Found:
If the truth changes from moment to moment, can it really be deemed as truth? Is it, instead, a pretty lie? A cover? A misdirection? All of the above? Can it be believed or trusted?
But if lies they are, then to whom?
One or more?
Things I've noticed. Things I've heard and been told and seen. It doesn't add up. None of it adds up. Too many discrepencies. The pieces just don't fit.
Was I wrong to trust? Was it a mistake to do so? To care? To be honest and expect the same in kind?
I know I can be paranoid. I question. Always question. I look for motives. I look for reasons.
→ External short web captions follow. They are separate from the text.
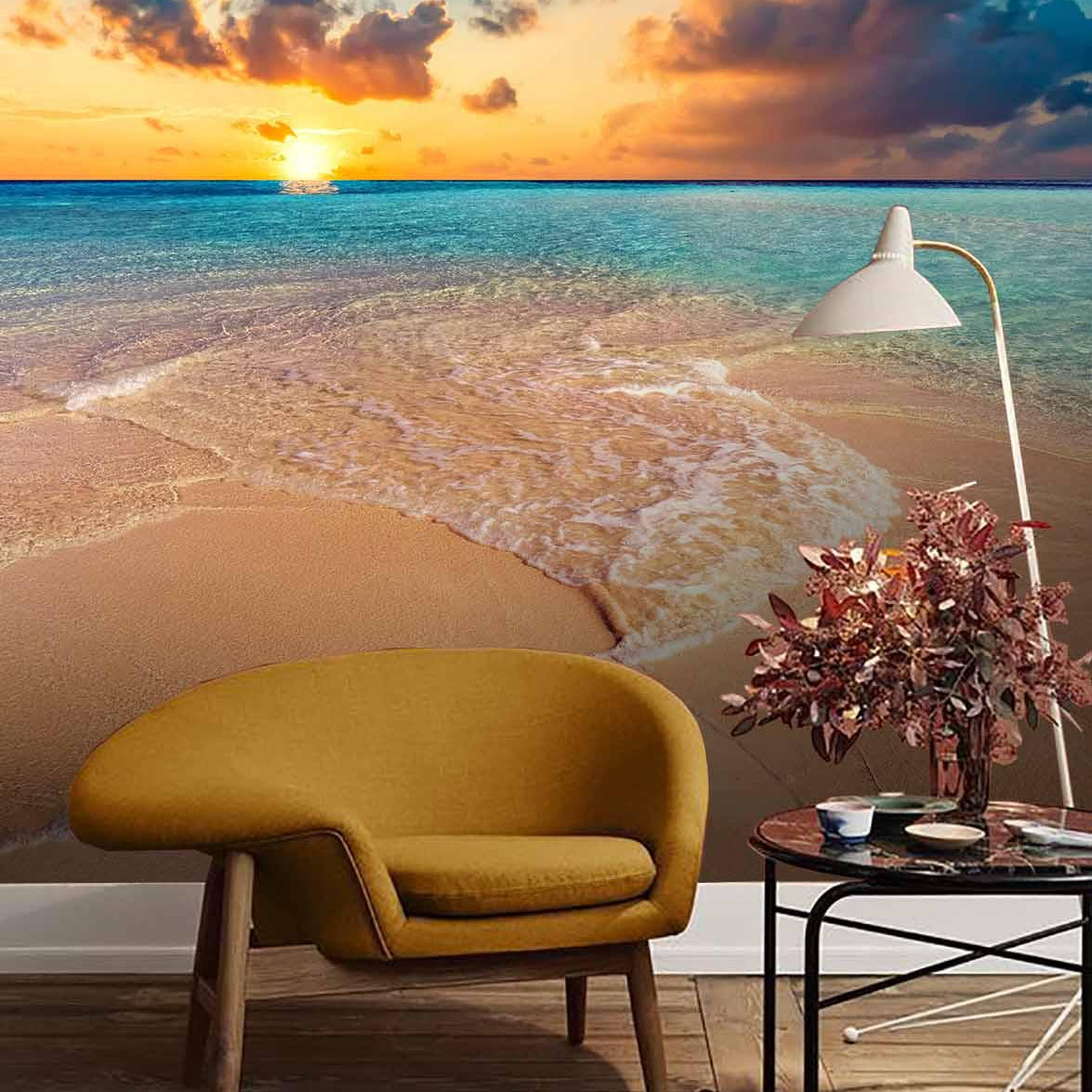 3D sea beach sunset wall mural wallpaper 85- Jess Art Decoration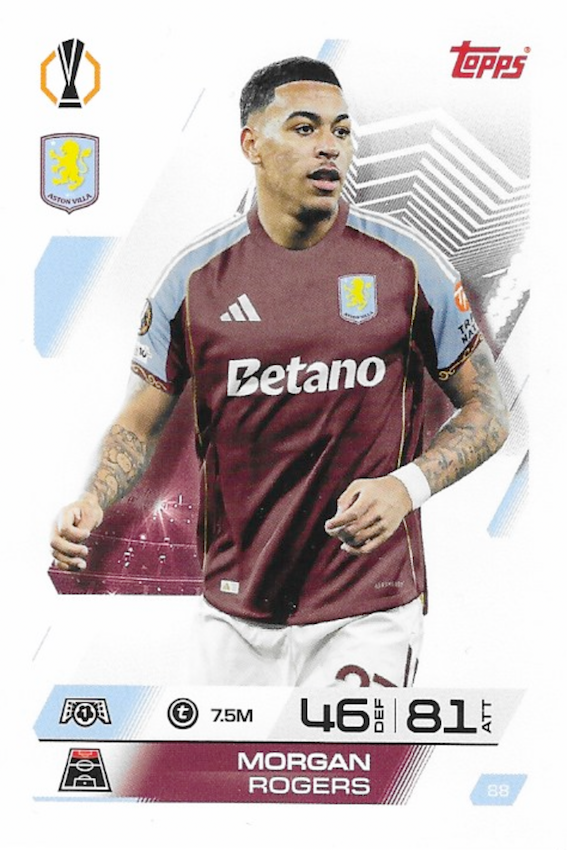 Morgan Rogers Base Card #88 - Topps Match Attax 25/26 (2025/2026) Aston Villa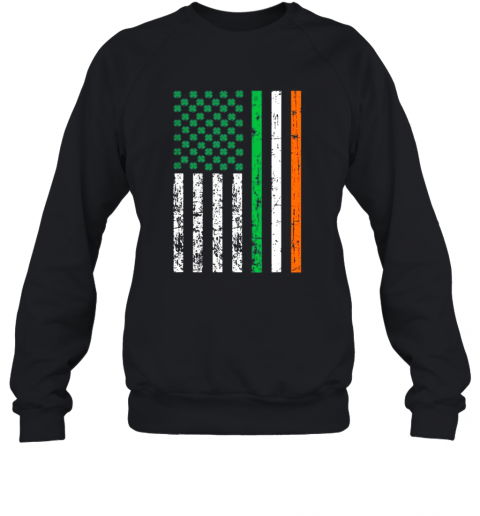Nice St. Patricks Day Vintage Usa Flag Irish Flag Lucky Shamrock T-Shirt Unisex Sweatshirt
I look for sense in the chaos and chaos in the sense. They think I don't notice when something is awry. They take my silence for ignorance. But I watch and I wait and I listen. I pay attention. I learn.
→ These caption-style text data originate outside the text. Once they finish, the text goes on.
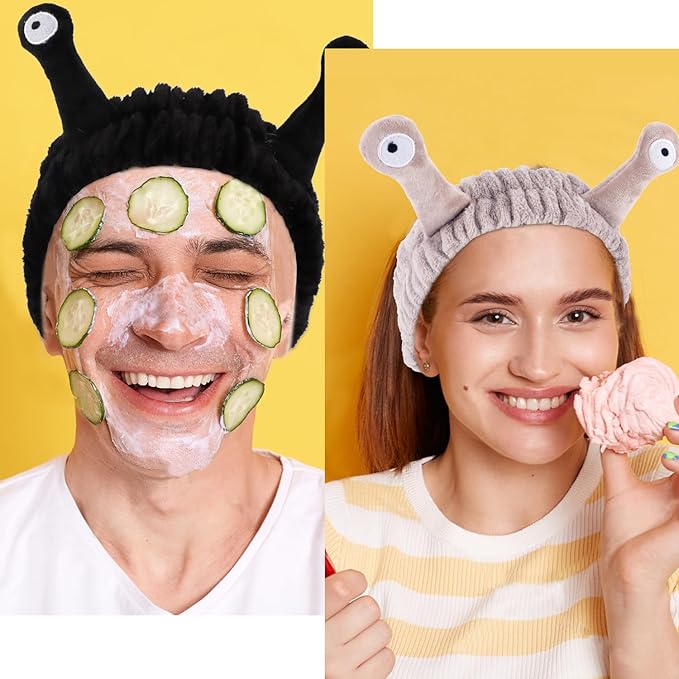 Snail Spa Headband and Wristband Set Skincare Makeup Headband for Washing Face Cute Animal Spa Head Band for Women Girls Black Khaki Grey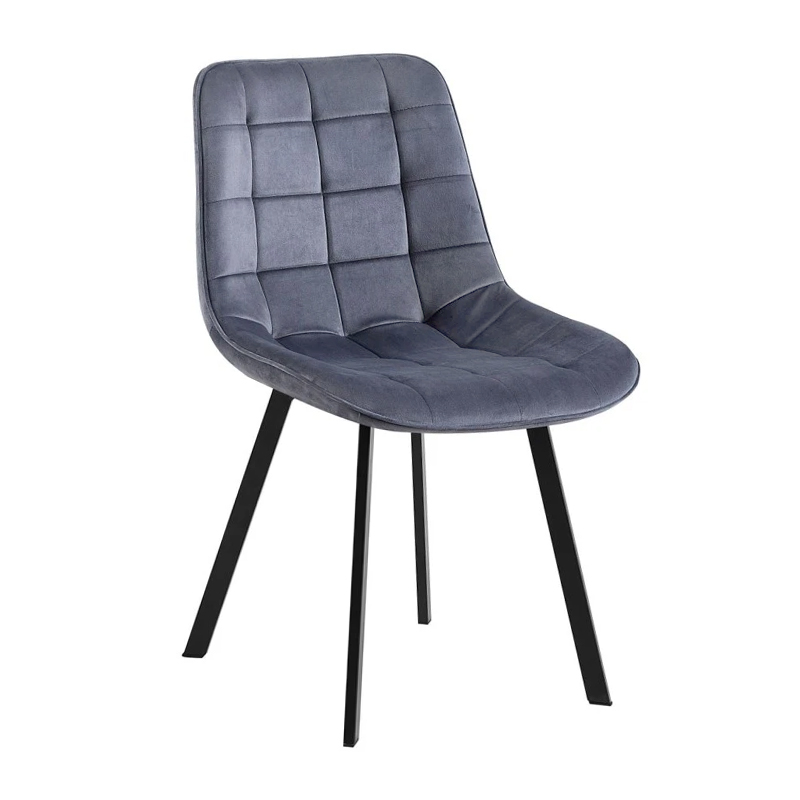 MYRIAM Chair K/D Metal Black/Fabric Velure Dark Grey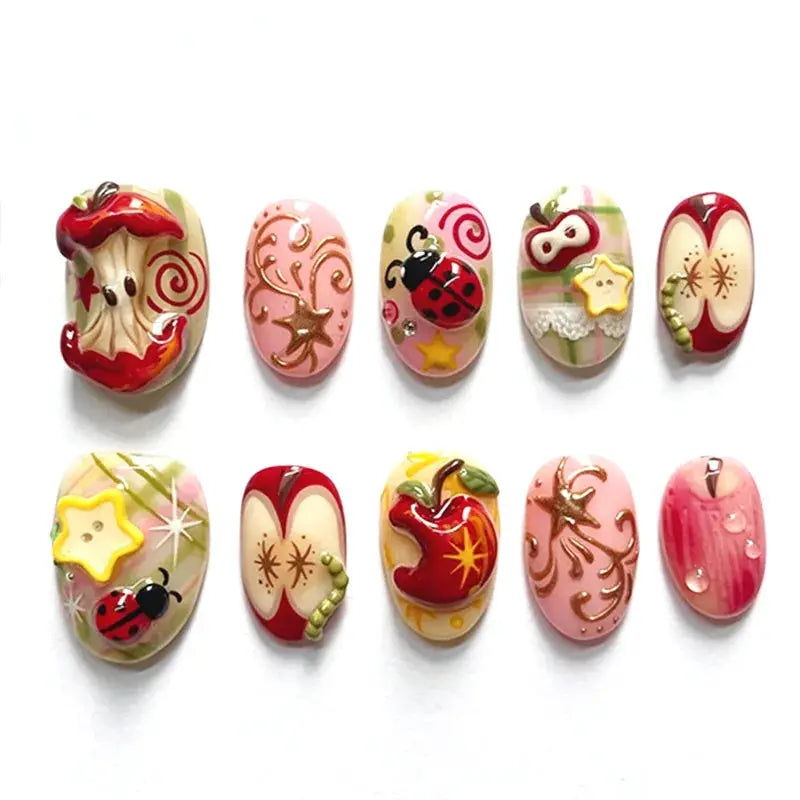 Press On Nails | Almond Shape | Green Lotus Frog Design | 24 Piece Kit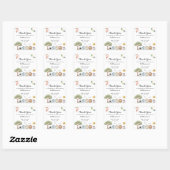 Sticker Carré Baby shower Jungle Safari (Feuille)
Much of what I'm learning currently is "too much" and "not enough" are interchangable offences. Talk/don't talk. Give/don't give. Offer more/offer less. Accept/question. Trust....
But when given reason after reason to stop trusting, to stop believing... is it then wrong to doubt?
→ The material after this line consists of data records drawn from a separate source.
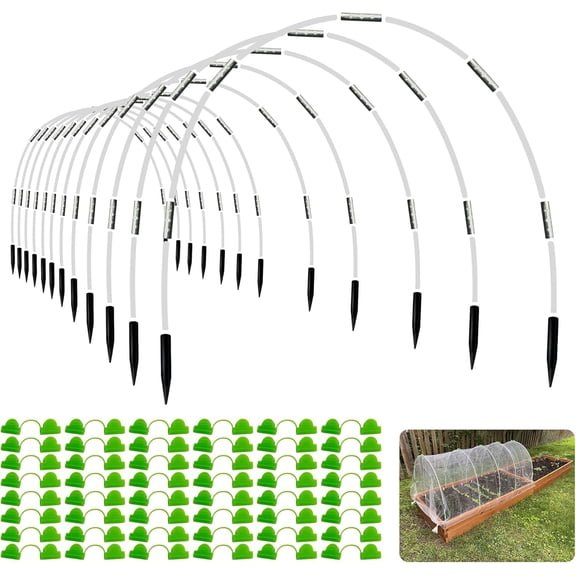 Garden Hoops for Raised Beds- Rust Free Fiberglass Frame Plant Hoops with Support Bases -Greenhouse Hoops Grow Tunnel , 72pcsVanilla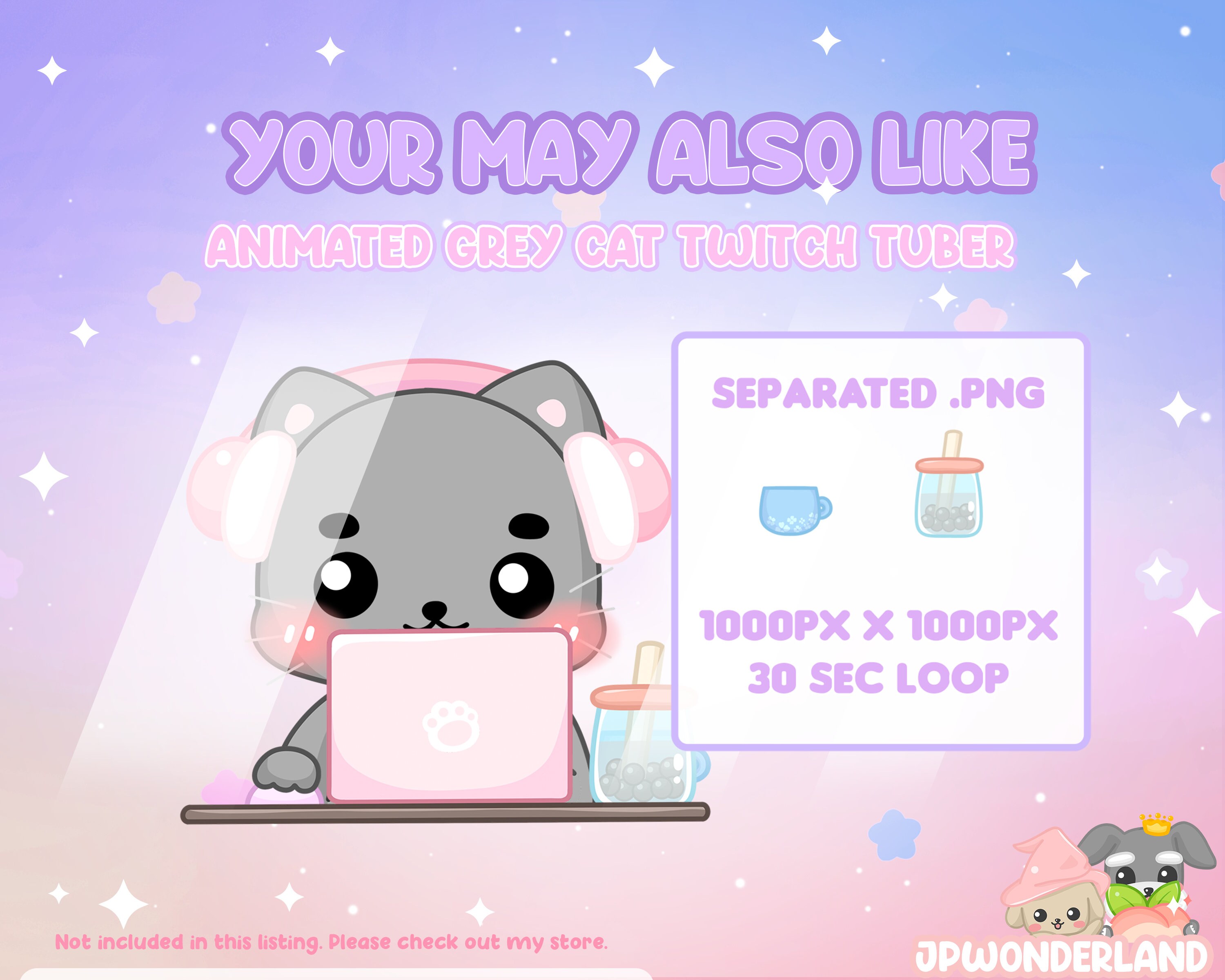 Cute Animated Cat Twitch Goals & Chat Widgets Kitty on the 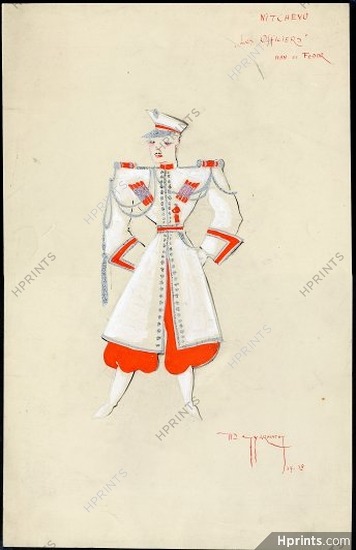 Michel Gyarmathy 1937 Folies Bergère, Original Costume Design, Nitchevo, Cossack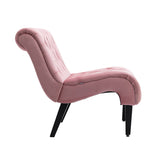 COOLMORE Modern Velvet Armless Accent Living Room Chair / Leisure Chair,Upholstered Fabric Button W39550123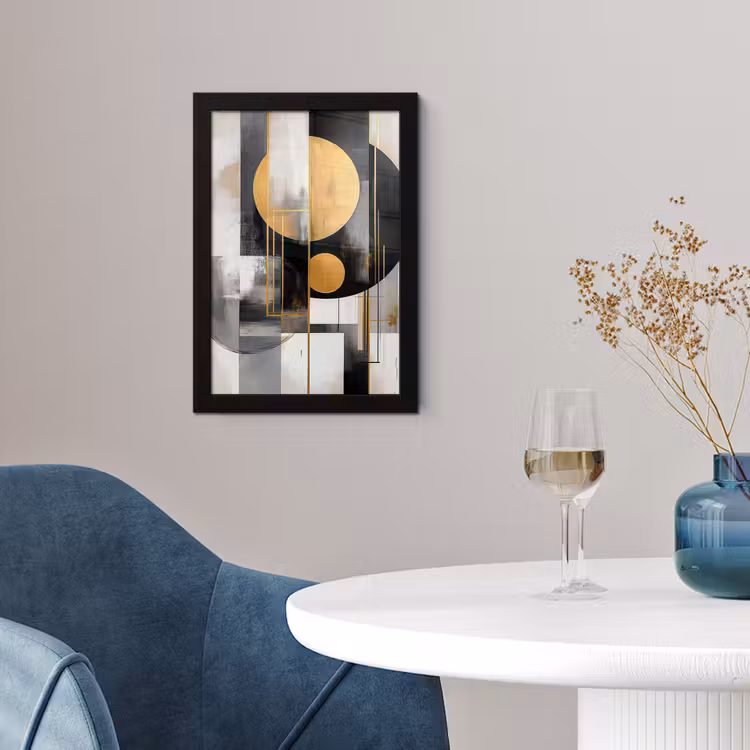 Abstract - Goud - Zilver - Vormen - Aesthetic - Modern fotolijst zwart zonder passe partout klein -sfeer4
Tell me more, but if you try, you're lying. Tell me more, but you're wrong; I know better than you. Tell me more, but I won't believe it until someone else says it, and then it is they who told me, not you. Tell me more, but I won't listen.
Mind games. Haven't I had enough of those?
I know what I feel. I know what I want. I know who I am. I know what I need.
Is it worth it? To try to make that clear? I have tried. Again and again. I am doubted. I am ignored. I am disbelieved.
Is the paranoia really my own, then? Does it belong to someone else? Has it been thrown back at me as a way to conceal its true origins?
Someone is playing, but for once it's not me.
Perhaps it's time to walk away.
Perhaps...
Running solves nothing. I learned that the hard way. Running solves nothing. I want to run. I want to leave it all behind and let it all go. I want to forget.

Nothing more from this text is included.